I didn't follow all the episodes about backdoors in Intel CPUs

What can intelligence or law enforcement agencies potentially do on a computer equipped with a vulnerable Intel CPU (connected to the Internet but not directly - behind a router)?

Can someone continue to develop sensitive applications (using Linux) if the computer is equipped with a vulnerable Intel processor and his enemies are state-level actors?

  • If "enemies are state-level actors", then you should assume it is even worse than your imagination can fathom. These CPU backdoors are a horrible problem even if the attackers are criminals working in small groups with zero funding except what they can steal.
    – Ben Voigt
    Commented Aug 25, 2018 at 16:34
  • By the time your "enemies are state-level actors", it's probably safe to say that all bets are off. There's a gazillion ways to get into a computer and extract information; no publicly disclosed CPU vulnerability necessary.
    – user
    Commented Aug 25, 2018 at 18:53
  • 1
    If you mean things like Spectre, those are not backdoors. They are just security vulnerabilities.
    – forest
    Commented Sep 1, 2018 at 1:39
  • @BenVoigt While nation-state actors are definitely quite resourceful, they are still just human. It's hard to protect from them, but if you have a carefully-developed threat model, it's really not that hard.
    – forest
    Commented Sep 1, 2018 at 1:40
  • @forest: If you have a nation-state adversary, you need not be concerned with the particulars about vulnerabilities in Intel chips, because you should assume the electronics delivered to you have been intercepted and replaced with clones containing backdoors that are not mere design mistakes.

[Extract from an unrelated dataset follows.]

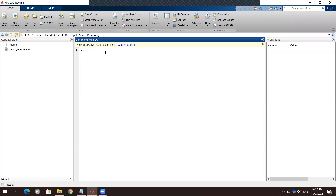Hello everyone. In this video I will show you how to cancel audio noise by using the Butterworth filter. We will use the Butterworth filter as a tool to cancel audio noise.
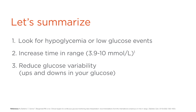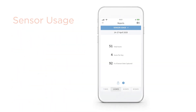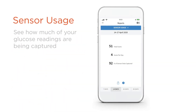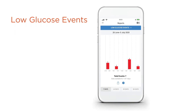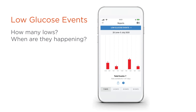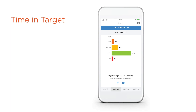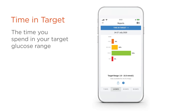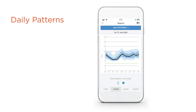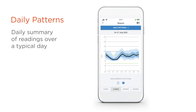Freestyle Libre can quickly summarize your readings so you can find the answers you're looking for. The sensor usage report shows you how much of your glucose readings are being captured. The low glucose events report gives you information on how many lows you are having and when they are happening. The time and target report shows the percentage of time that you spend in, above, and below your target glucose range. Finally, the daily patterns report summarizes your readings over a typical day so you can see patterns.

See "Tailored Access Operations"
    – Ben Voigt
    Commented Sep 1, 2018 at 2:25

1 Answer 1


You should catch up on these vulnerabilities in the canonical question on the subject.

Assuming you are talking about the recent wave of Spectre and Spectre-like vulnerabilities, those are not backdoors, but security vulnerabilities. They generally* allow a local process that is executing on your computer to read memory that they are not otherwise permitted to read. If your adversary is a nation-state actor though, this is the least of your concerns. These attackers usually have access to a large repository of 0days from security contractors. It's more likely that they will exploit a flaw in some exposed service on your router or computer and then escalate privileges using a 0day, known vulnerability, or misconfiguration on your part. If they had to use these vulnerabilities, they would use it to skip the privilege escalation stage and directly read memory.

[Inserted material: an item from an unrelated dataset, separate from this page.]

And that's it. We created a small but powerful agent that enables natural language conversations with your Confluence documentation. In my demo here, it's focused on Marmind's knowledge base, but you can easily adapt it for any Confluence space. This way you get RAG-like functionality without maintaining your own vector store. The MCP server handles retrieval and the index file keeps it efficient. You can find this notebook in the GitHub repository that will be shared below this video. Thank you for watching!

Normally, a CPU executing code will eventually run into a fork in the road where the specific path it takes depends on some variable. If that variable takes some time to access (e.g. querying hardware peripherals or accessing memory that is not in the CPU cache), then the CPU will engage in an optimization technique dubbed speculative execution. This technique involves speculatively executing both possible paths in code, later discarding the path which it was not supposed to take. The Spectre vulnerabilities typically exploit the fact that this "discarding" is not perfect and still leaves some information behind that a side-channel attack can later discover.

* A few variants allow for a little bit more, such as covert side-channel communication and, in at least one example dubbed NetSpectre, attack certain theoretically vulnerable protocols to read memory over a network very, very slowly. Another variant allows setting read-only patches to read-write in certain, specific situations.